Abandoning Header Files?

← Back to Stories (view on slashdot.org)

Posted by Cliff on Friday January 14, 2005 @09:56AM from the strange-compilation-practices dept.

garethw asks: "I'm working on a project where the lead developer, following a suggestion by our tool vendor, wants to get rid of the header files and directly #include source code. The language is a somewhat specialized language, but for all intents and purposes, you can assume it's Java or C. The conventional argument I recall for using header files, and incremental compilation, is that it's faster to use a makefile and conditionally build only those files that have changed. However, it turns out that the brute force of invoking the compiler once on the top-level does actually compile much faster. I feel that there is something about #include'ing source files directly, compiling only the top-level file, just doesn't 'feel' right and I'm at a loss to really give a solid argument as to why. Has anyone actually used this approach? Does anyone have any thoughts on any advantages or drawbacks?"

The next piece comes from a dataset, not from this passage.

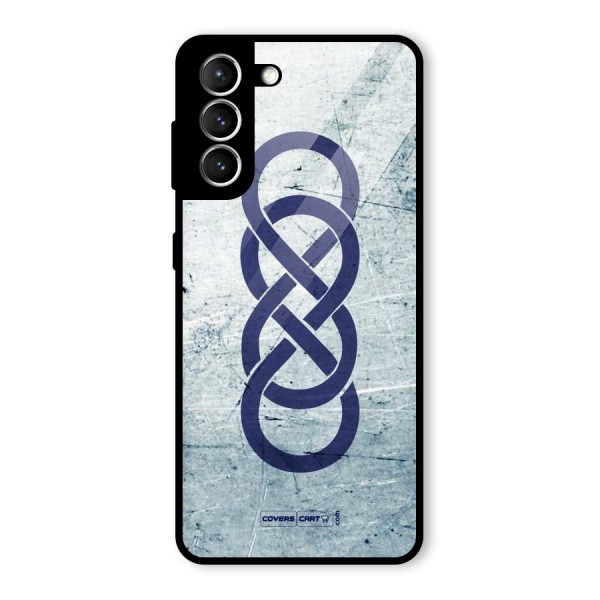 Double Infinity Rough Glass Back Case for Galaxy S21 5G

11 of 207 comments (clear)

Min score:

Reason:

Sort:

GCC by lexarius · 2005-01-14 10:17 · Score: 2, Interesting

My OS prof was demonstrating the differences in what errors the C compiler and linker would pick up. However, we found that we could make two source files with no include lines in either that both defined a global variable (sans extern). The main function set the global variable and then called a function that is defined in the other source file, which would then print the gv. Then we compiled and linked them with gcc. No warnings, no errors. The program ran exactly the way we wanted it to, which was unexpected. So yes, you can do away with includes and header files without even performing the includes manually. Depending on the language, your compiler might be smart enough to figure it out.
But that doesn't make it a good idea. Besides, do you want to be the one who has to go update the library functions that would normally have been included any time you change the code in one file?
unclear on what you mean by Dink+Paisy · 2005-01-14 10:27 · Score: 2, Interesting

You need to clarify exactly what is going on... My best effort at interpretation is that currently you have something like:
gcc -c f1.c gcc -c f2.c gcc -c f3.c gcc -o f f1.o f2.o f3.o
Your vendor instead thinks it would be better to do:
gcc -o f f.c
Where f.c looks like:
#include "f1.c" #include "f2.c" #include "f3.c"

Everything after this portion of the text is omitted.